Hello and welcome to the Not A Cast … podcast: the one true chapter-by-chapter podcast going through A Song of Ice and Fire one chapter a week. I’m one of your hosts Jeff better known as BryndenBFish. 

And I’m your other host Emmett, better known as PoorQuentyn.          

Welcome to the ninety-eighth episode of the Not A Cast, titled: “Death March: An Analysis of ACOK, Arya VI,” in which Arya bears witness to war crimes before being enslaved and force-marched to Harrenhal, a castle even Dracula would call over the top. Gonna be a fun episode! 

This episode is brought to you by our Small Council: 

Spoiler warning: All published books, 5 novels, 3 Dunk and Egg novellas, histories, interviews, TWOW sample chapters, as well as Game of Thrones the TV show. Anything and everything!

Question

Ser Nicholas B, a brand new Sworn Sword (welcome!), asks:

Hey, guys. I'm very proud to be a supporter. I only started listening to you recently but have caught up with your episodes. I thought I might, as a sworn sword, ask you a non ASOIAF question. Honestly, I just want to know- what is your favorite hilariously terrible movie? I’m currently cringing my way through Mortal Engines and love it. What's your pick? Also, all the happiness in the world to Emmett! I wish you two the best.

So, thank you Ser Nicholas for the question. If you’d like to ask us a question on the NotACast podcast, you are welcome to become a Sworn Sword or higher patron over at patreon.com/NotACastASOIAF where you can get show notes, early access to every episode, Q&A and bonus episodes!

Speaking of those bonus episodes, our latest patreon-only episode “Flag Day”: our analysis of all the sigils and heraldry in ASOIAF and history, GRRM’s love for them and use of them in fantasy and how George uses them to do both storytelling and foreshadowing of future events is out now for all Poor Fellow and above patrons again at patreon.com/NotACastASOIAF.

But enough about patreon. When we last left Arya Stark, she, Hot Pie and Gendry had just been taken captive by Gregor Clegane at lake town. Let’s see what befalls Arya in this synopsis of ACOK, Arya VI.

Synopsis

Fear cuts deeper than swords, Arya would tell herself, but that did not make the fear go away. 

Welcome to the happiest chapter in A Clash of Kings, everyone. Okay. It’s actually one of the most horrible chapters in ASOIAF. So, in all seriousness, please be aware that this chapter and my synopsis will include depictions of rape, violence against children and mental/physical torture. So, if you need to step away from this chapter, you’ll receive no shame from us.

Arya had learned fear on the road to Harrenhal, but before they even departed from the village she was taken prisoner in, she had learned the true nature of fear.

Eight days she had lingered there before the Mountain gave the command to march, and every day she had seen someone die. 

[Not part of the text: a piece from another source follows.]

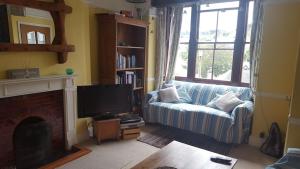 sala de estar con sofá y TV en Stunning house with sea views and parking, Newlyn Penzance en Penzance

The Mountain would daily come into the storehouse and pick someone new to “interrogate.” The smallfolk wouldn’t look him in the eye, perhaps hoping that this would result in them not being picked. But it didn’t matter. They got picked too. A girl who had “shared a soldier’s bed for three days” was picked on the fourth day. The soldier said nothing. Another old man claimed that he was all-for-Joffrey, and that his son was serving in King’s Landing. He got picked on the fifth day. A mom revealed everything to the Mountain in exchange for them sparing her daughter. But then Gregor picked her daughter the next day to ensure that the woman held nothing back.

The ones chosen were questioned in full view of the other captives, so they could see the fate of rebels and traitors. A man the others called the Tickler asked the questions. His face was so ordinary and his garb so plain that Arya might have thought him one of the villagers before she had seen him at his work. “Tickler makes them howl so hard they piss themselves,” old stoop-shoulder Chiswyck told them. He was the man she’d tried to bite, who’d called her a fierce little thing and smashed her head with a mailed fist. Sometimes he helped the Tickler. Sometimes others did that. Ser Gregor Clegane himself would stand motionless, watching and listening, until the victim died. 
The questions were always the same. Was there gold hidden in the village? Silver, gems? Was there more food? Where was Lord Beric Dondarrion? Which of the village folk had aided him? When he rode off, where did he go? How many men were with them? How many knights, how many bowmen, how many men-at-arms? How were they armed? How many were horsed? How many were wounded? What other enemy had they seen? How many? When? What banners did they fly? Where did they go? Was there gold hidden in the village? Silver, gems? Where was Lord Beric Dondarrion? How many men were with him?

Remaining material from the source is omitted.